LABOUR have attacked Tory proposals to cease using paid staff to run the borough’s mobile library service.

Trafford’s Labour group have said the proposed cut, which featured in the council's 2011 draft budget, is a blow for the most vulnerable members of society, including the disabled, who rely on the doorstep provision for access to Trafford’s library services.

Under Tory plans the mobile library would be soley manned by volunteers, transferring where possible the existing employees to other post within the council to avoid redundancies.

Speaking to Messenger, deputy leader of the council, Cllr Alex Williams, said the service last year had just 1,100 users, half of whom had also used static libraries in the last year. He also said the council’s existing home delivery service, where books are chosen by users and then posted straight to their doors, was a viable alternative.

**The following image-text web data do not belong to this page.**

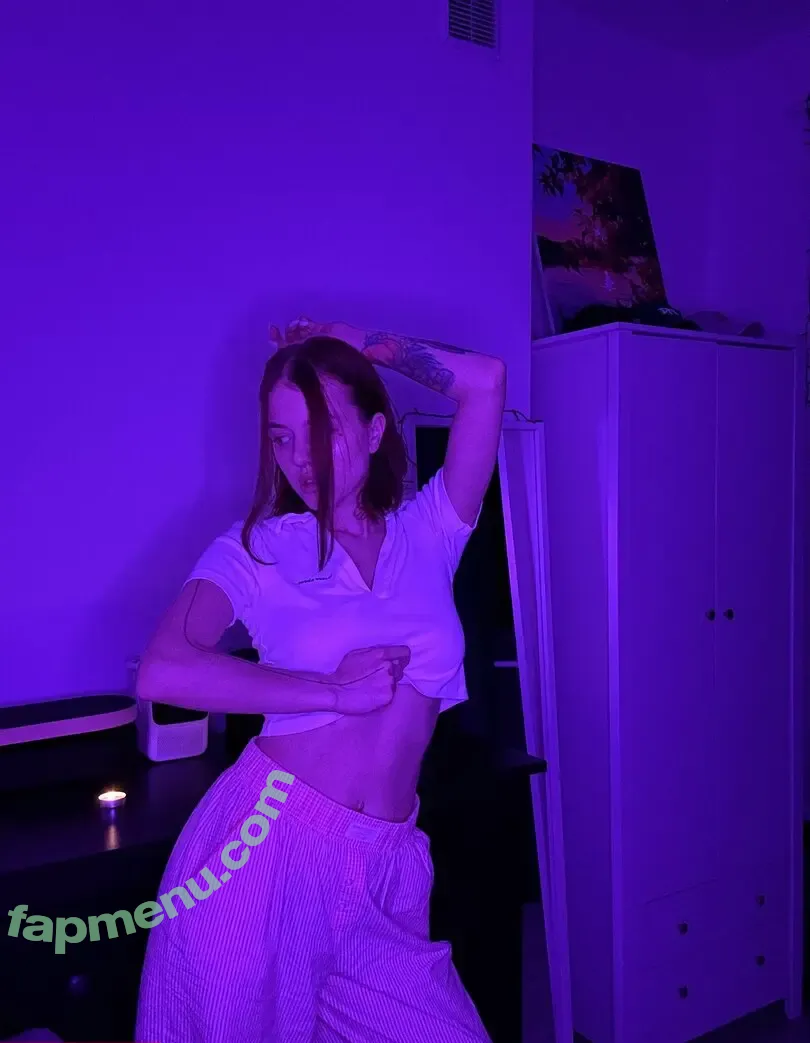 darina_cat nude photo #0117 (dura_durnaya_daria / kyivski_kotik)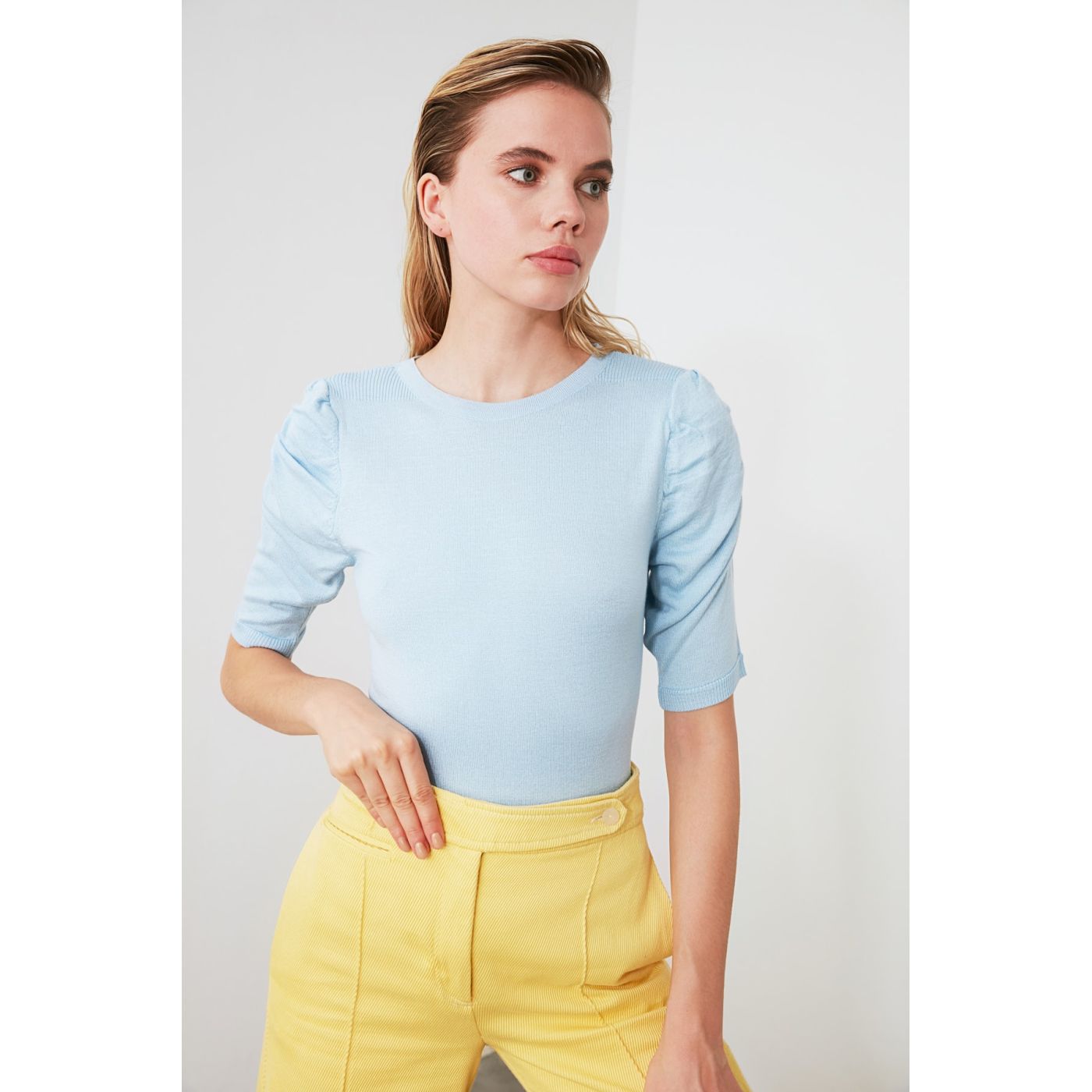 Trendyol Blue Ruffle Detailed Knitsweater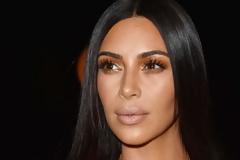 Πανεπιστήμιο προειδοποιεί τις απόφοιτες να μην ντυθούν σαν την Kim Kardashian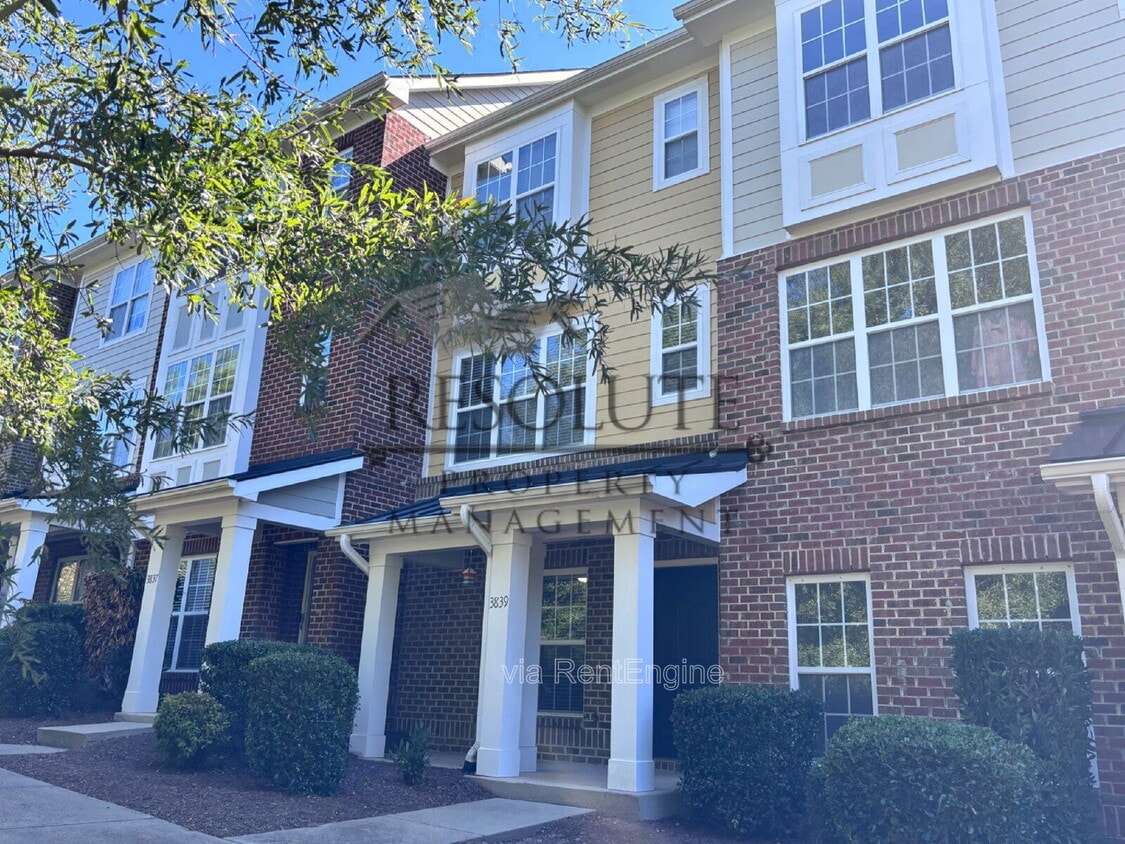 Foto principal - 3839 Cary Glen Blvd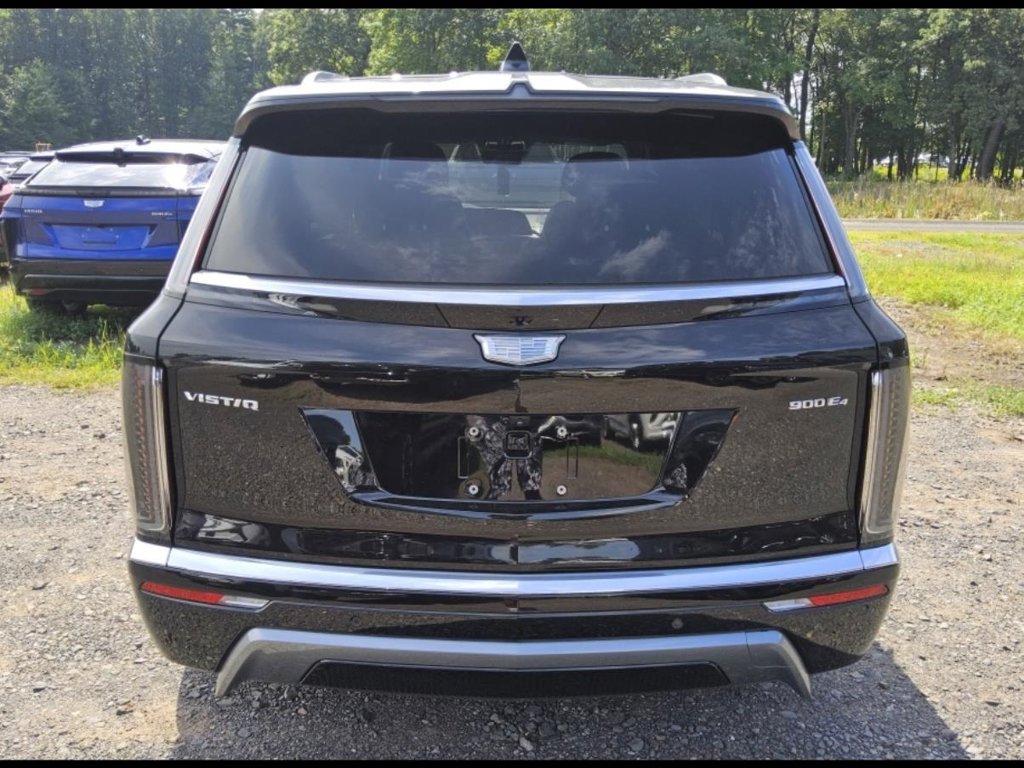 Used 2026 Cadillac Vistiq Premium Luxury w/ LPO, Floor Liner Package AWD/4WD image 8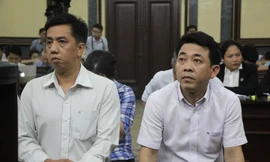 Vụ buôn lậu thuốc chữa ung thư: Đường đi của 7,5 tỷ đồng "hoa hồng" đi về đâu?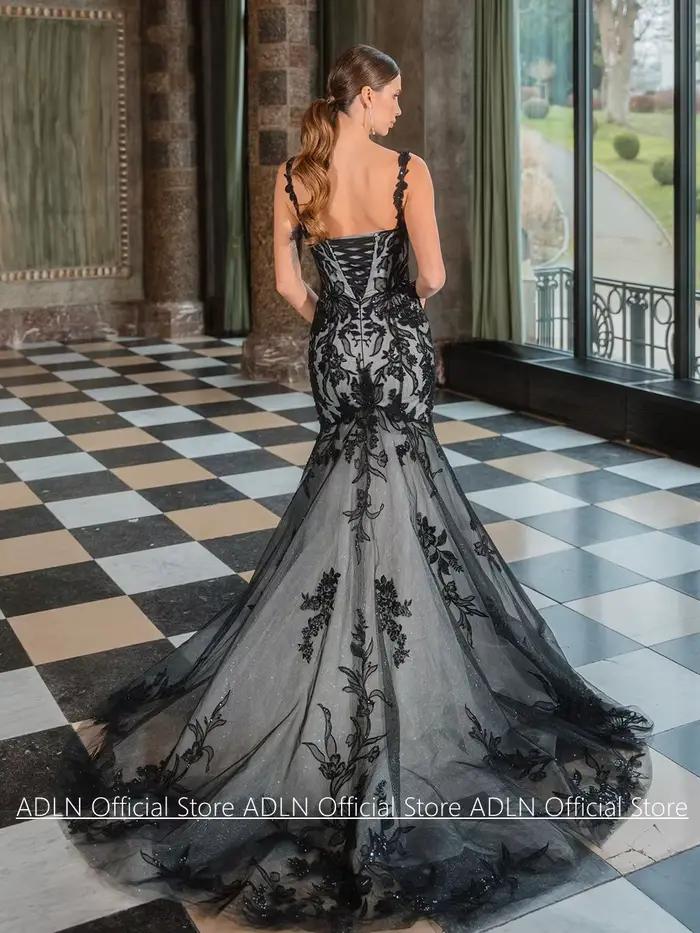 Robe de mariée gothique personnalisée sexy à bretelles spaghetti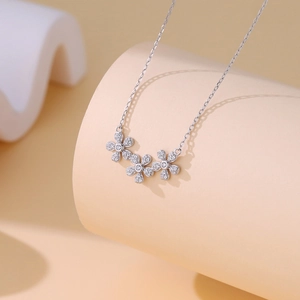 Élégant collier à trois marguerites en argent S925 orné de pierres de zircone cubique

He added: “There’s some very good examples of volunteers delivering a mobile library service around the UK. In Cornwall the council has a partnership with a volunteer group who deliver books to over a 1,000 users. It’s that kind of model we could have here in Trafford.

“I can also categorically say we have no plans to close any static library,” he added.

But leader of the Labour group, Cllr David Acton, told SUM there were many questions the council had to answer. “The mobile library has over 1,200 members and is an invaluable service, particularly for young parents with children, older people and people with mobility problems. For them this service a life line not only for information, but learning and enjoyment of books.

“But this is a specialist service, and people with disabilities need specialist support. I don’t know if volunteers could offer that support in the same way it’s given now.

“You also have to find the volunteers. Where are they and what training will they be given and by who? There’s a lot of unanswered questions.

He added: “There are a lot of people who use this service and to abolish it in this way I think is just wrong.”